____ LISTED RECORDS

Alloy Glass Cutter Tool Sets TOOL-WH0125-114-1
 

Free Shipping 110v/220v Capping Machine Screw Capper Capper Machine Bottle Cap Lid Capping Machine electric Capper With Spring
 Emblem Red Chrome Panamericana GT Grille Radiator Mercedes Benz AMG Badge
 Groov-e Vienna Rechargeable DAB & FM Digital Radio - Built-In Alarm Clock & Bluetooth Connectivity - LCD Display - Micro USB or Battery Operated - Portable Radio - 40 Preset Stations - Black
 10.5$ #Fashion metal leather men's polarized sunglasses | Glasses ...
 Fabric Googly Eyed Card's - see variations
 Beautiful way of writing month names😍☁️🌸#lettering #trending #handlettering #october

________

DESCRIPTION OF THE TASK: Which lines run from the one containing "10.5$ #Fashion metal" to the end of the records? Transcribe exactly those, both ends included.

EXERCISE ANSWER:
 10.5$ #Fashion metal leather men's polarized sunglasses | Glasses ...
 Fabric Googly Eyed Card's - see variations
 Beautiful way of writing month names😍☁️🌸#lettering #trending #handlettering #october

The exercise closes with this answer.